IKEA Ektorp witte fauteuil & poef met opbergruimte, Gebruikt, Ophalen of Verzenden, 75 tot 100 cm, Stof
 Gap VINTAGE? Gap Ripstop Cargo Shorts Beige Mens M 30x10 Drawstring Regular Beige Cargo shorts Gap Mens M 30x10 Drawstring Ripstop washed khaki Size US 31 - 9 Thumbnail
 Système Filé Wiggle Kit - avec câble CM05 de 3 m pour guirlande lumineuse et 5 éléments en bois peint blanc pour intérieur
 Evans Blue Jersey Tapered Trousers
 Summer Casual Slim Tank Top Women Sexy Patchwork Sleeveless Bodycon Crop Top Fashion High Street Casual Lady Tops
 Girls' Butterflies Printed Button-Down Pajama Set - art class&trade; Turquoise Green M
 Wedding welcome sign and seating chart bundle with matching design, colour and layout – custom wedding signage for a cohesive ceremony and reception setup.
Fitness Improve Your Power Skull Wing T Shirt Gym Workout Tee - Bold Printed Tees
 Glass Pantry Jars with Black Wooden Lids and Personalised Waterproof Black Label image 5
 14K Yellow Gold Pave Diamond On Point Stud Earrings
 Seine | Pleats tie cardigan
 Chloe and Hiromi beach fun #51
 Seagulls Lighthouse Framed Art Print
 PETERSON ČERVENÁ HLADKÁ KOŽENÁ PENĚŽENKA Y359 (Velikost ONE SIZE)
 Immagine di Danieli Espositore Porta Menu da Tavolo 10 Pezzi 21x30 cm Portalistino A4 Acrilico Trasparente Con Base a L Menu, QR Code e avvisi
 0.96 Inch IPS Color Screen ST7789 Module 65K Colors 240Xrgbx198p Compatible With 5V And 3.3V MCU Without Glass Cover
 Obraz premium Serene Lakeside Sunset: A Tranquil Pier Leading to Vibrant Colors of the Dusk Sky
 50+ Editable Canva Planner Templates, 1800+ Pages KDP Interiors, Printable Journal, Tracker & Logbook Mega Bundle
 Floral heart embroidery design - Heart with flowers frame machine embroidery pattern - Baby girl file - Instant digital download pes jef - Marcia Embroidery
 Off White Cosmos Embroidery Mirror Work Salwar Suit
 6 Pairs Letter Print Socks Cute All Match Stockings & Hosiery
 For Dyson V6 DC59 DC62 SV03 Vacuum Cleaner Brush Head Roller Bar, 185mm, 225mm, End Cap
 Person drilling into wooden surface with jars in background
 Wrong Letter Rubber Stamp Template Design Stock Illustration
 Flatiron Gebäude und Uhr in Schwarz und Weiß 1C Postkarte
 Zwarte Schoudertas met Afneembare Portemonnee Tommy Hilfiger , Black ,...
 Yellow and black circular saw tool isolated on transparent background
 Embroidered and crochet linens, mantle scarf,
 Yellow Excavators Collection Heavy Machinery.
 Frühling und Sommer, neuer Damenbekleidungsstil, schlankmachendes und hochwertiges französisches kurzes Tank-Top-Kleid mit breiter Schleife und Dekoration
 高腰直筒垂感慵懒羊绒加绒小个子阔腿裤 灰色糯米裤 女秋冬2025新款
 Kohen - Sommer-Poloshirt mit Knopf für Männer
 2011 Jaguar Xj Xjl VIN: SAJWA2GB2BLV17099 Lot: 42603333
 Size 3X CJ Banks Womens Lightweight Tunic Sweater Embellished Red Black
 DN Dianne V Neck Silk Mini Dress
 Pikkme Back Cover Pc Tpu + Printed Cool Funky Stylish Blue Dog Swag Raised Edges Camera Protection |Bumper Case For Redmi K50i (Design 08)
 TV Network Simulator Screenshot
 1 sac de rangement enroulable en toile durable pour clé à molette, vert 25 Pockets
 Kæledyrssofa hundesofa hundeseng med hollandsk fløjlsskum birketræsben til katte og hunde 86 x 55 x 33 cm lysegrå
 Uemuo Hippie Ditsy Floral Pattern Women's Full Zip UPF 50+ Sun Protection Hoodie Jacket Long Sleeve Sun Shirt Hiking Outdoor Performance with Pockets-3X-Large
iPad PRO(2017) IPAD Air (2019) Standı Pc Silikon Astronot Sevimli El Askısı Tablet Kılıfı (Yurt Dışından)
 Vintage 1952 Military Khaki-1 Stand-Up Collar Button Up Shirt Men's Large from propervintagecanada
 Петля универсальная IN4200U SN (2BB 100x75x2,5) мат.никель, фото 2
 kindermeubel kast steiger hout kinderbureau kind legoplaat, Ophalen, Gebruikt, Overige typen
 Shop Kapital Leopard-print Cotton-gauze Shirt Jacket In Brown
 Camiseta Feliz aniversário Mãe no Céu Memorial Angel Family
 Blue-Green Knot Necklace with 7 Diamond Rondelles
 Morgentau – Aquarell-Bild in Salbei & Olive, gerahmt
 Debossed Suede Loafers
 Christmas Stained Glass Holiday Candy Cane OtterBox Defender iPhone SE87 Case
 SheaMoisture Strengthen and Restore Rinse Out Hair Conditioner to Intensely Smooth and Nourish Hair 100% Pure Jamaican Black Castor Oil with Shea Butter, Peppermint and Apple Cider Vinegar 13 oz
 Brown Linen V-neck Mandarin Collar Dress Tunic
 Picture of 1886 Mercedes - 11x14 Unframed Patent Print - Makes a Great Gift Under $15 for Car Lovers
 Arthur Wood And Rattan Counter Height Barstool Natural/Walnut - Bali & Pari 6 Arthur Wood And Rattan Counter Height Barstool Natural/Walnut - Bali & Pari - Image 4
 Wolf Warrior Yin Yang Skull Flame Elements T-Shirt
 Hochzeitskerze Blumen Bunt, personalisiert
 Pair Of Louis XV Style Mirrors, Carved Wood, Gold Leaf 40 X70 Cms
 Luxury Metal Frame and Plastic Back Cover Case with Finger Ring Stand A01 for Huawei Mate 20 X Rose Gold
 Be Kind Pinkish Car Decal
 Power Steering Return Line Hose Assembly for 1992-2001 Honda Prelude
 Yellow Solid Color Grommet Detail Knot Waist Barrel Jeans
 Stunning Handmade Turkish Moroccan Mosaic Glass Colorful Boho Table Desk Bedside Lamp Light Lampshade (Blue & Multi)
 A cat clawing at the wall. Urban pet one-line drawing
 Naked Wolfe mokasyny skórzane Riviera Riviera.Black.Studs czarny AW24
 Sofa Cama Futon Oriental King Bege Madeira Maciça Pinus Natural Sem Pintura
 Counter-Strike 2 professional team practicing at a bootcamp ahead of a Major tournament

===============

* **AIM OF THE TASK**
From the records above, copy only the lines starting with the line that holds "Flatiron Gebäude und" and going on through the line that holds "Vintage 1952 Military", exactly as written.

* **WRITTEN ANSWER**
 Flatiron Gebäude und Uhr in Schwarz und Weiß 1C Postkarte
 Zwarte Schoudertas met Afneembare Portemonnee Tommy Hilfiger , Black ,...
 Yellow and black circular saw tool isolated on transparent background
 Embroidered and crochet linens, mantle scarf,
 Yellow Excavators Collection Heavy Machinery.
 Frühling und Sommer, neuer Damenbekleidungsstil, schlankmachendes und hochwertiges französisches kurzes Tank-Top-Kleid mit breiter Schleife und Dekoration
 高腰直筒垂感慵懒羊绒加绒小个子阔腿裤 灰色糯米裤 女秋冬2025新款
 Kohen - Sommer-Poloshirt mit Knopf für Männer
 2011 Jaguar Xj Xjl VIN: SAJWA2GB2BLV17099 Lot: 42603333
 Size 3X CJ Banks Womens Lightweight Tunic Sweater Embellished Red Black
 DN Dianne V Neck Silk Mini Dress
 Pikkme Back Cover Pc Tpu + Printed Cool Funky Stylish Blue Dog Swag Raised Edges Camera Protection |Bumper Case For Redmi K50i (Design 08)
 TV Network Simulator Screenshot
 1 sac de rangement enroulable en toile durable pour clé à molette, vert 25 Pockets
 Kæledyrssofa hundesofa hundeseng med hollandsk fløjlsskum birketræsben til katte og hunde 86 x 55 x 33 cm lysegrå
 Uemuo Hippie Ditsy Floral Pattern Women's Full Zip UPF 50+ Sun Protection Hoodie Jacket Long Sleeve Sun Shirt Hiking Outdoor Performance with Pockets-3X-Large
iPad PRO(2017) IPAD Air (2019) Standı Pc Silikon Astronot Sevimli El Askısı Tablet Kılıfı (Yurt Dışından)
 Vintage 1952 Military Khaki-1 Stand-Up Collar Button Up Shirt Men's Large from propervintagecanada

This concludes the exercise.